Regarding charged copyright fees, I am not talking about production fees, nor for an image to be used for individual research or study, but fees for the commercial reproduction of an image. We are making an asset held in public trust many instances available to a commercial interest and have a right in the law to share in the profits of that use.

Copying may be the sincerest form of flattery, but when does it become theft. Modern copyright concerns come from the Renaissance when printing became widely available and copying an image became progressively easier, more profitable, and more difficult to control. Starting in the 16th Century laws were being written to protect "ownership" of an image created by one individual from being copied and sold by another. This is the concept of ownership of an intellectual property.

When the US Constitution was created it stated in Article 1, section 8 "The congress shall have power to promote progress of science and useful arts, by securing for limited times to authors and inventors exclusive right to their respective writings and discoveries." There have been a series of laws since 1790 which have sought to define what that statement means.

In the last decade, the use of electronic media to convey information and images has gone from the imaginative "toy" of a few wealthy institutions or the experiment of those with particularly talented computer staffs to a common tool of communication. One of the few things that has not changed is the nature of the application of the various laws which govern the ownership/use of images and the rights associated with them. Laws are applied regardless of the medium in which the image was created or to which or through which it is conveyed. The laws apply to the image regardless of its format.

The only change electronic formats have made is that they magnify anything that goes well or wrong. The potential audience (and profits) from videos, CD-ROMs, etc. is immense. Equally challenging is the ease with which our images can be pirated, manipulated, or controlled by others.

There are a number of practical procedural provisions one can follow to eliminate many of the potential pitfalls of these laws. As public institutions, to respond to inquiries one is advised to make certain exactly what is really being requested. A publisher of Civil War memorabilia recently asked to publish one of our battle flags. The vague indication of use from his initial letter led one of our staff to charge him $200 for a use that ultimately he was given for free after defining a much more scholarly and limited publication.
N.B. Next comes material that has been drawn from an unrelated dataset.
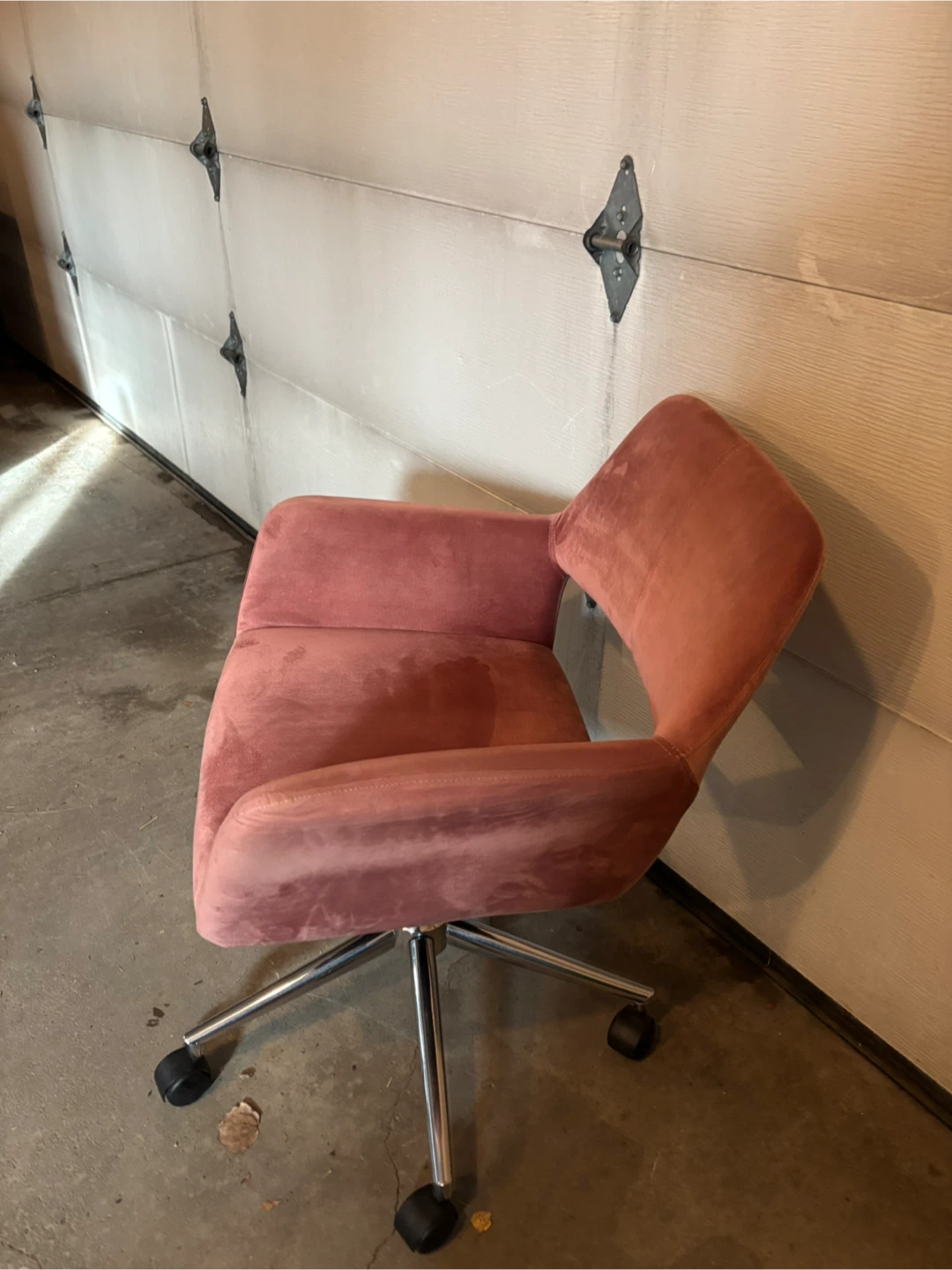 Pink Velvet Office Chair with Wheels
Frequently a conversation with a requester will allow one to narrow the inquiry and determine the nature of the request. Know the specifics about how the image(s) will be used so the appropriate safeguards can be

put in place. It is useful to create a request form for use of your images. Have the potential user state who will use the image, what its use will be, how often it will be used, what the format will be, how many countries/languages will be involved, etc. There should be different charge to a one-time hobbyist newsletter for a thousand subscribers and the cover illustration of a text book with a press run of 100,000 copies.
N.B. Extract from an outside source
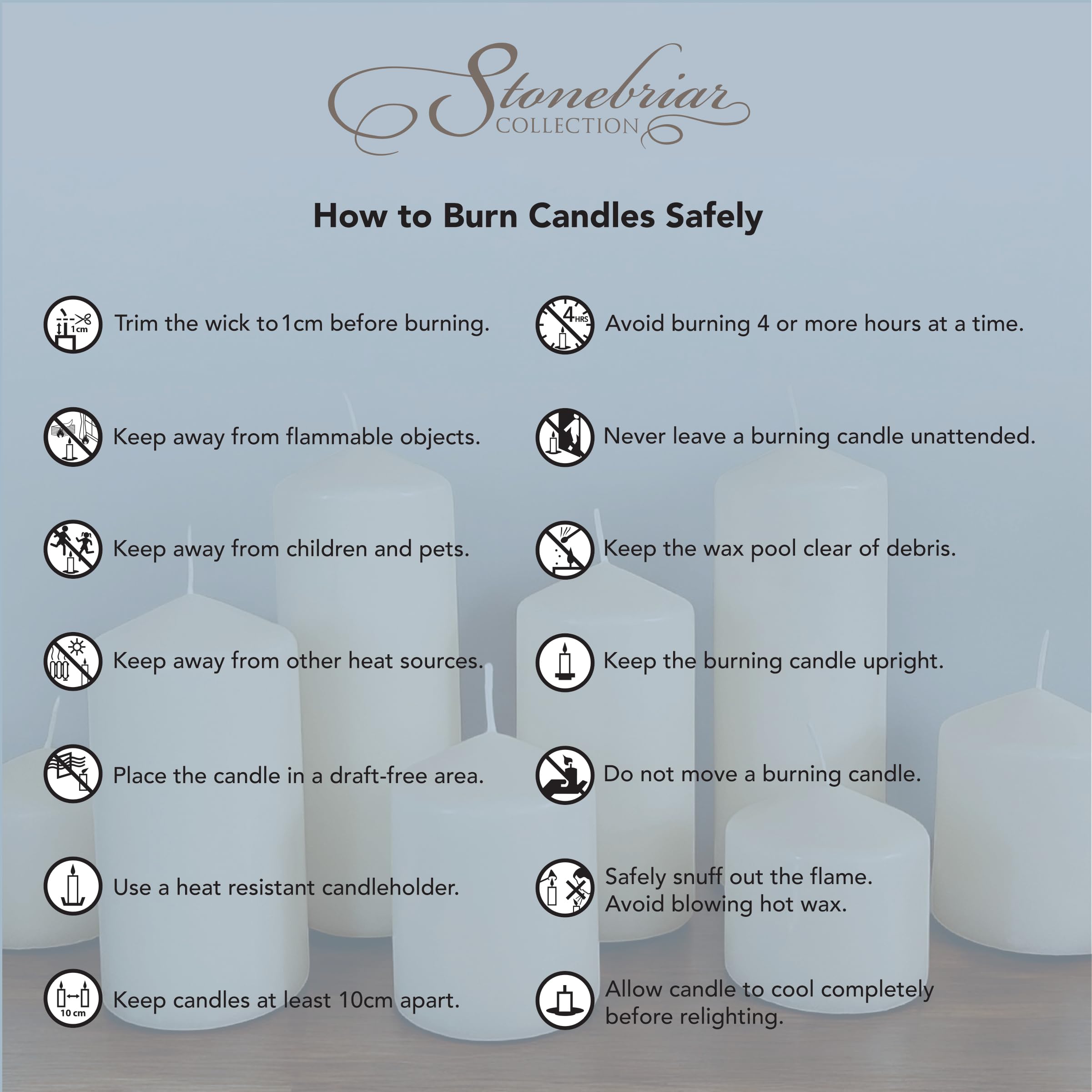 Stonebriar Unscented White Tall Pillar Candles, 65 Hour Burning Candle Pillars, Perfect for Decor, Weddings, Emergencies 3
The nature of the use should determine what should be charged, not the nature of the user. How will the image be used? It is important to know who will be doing the publishing as many writers are being asked by publishers to get the rights for their materials; but it is more important to know what the final result will be - a newsletter or a coffee table book. We do not want to inhibit non-commercial educational efforts, but neither do we want to subsidize the publishing industry. Everyone has the option to waive fees, but having no fee structure leads to charges of unfairness and a lot of time spent defending one's decisions. We have to behave in a business-like manner in today's world.

How much do you charge? What is the balance between being supportive of the diffusion of knowledge and "giving away the farm"? Usually, color is more than black and white, cover use is more than editorial, large runs are more than small ones, commercial products are more than scholarly ones. It is important to do your own investigating of what is reasonable among your potential users, but always be specific and consistent.

This is simple advice, but get all agreements in writing. It is frequently better to prepare your own standard contract that defines the limits you desire, than to base one's statements on memory. Do not be pressured by outside deadlines from others or verbal promises. Make a new contract for each use. Contracts for open-ended use of an image effectively give away your rights; they save neither time nor money in the long run.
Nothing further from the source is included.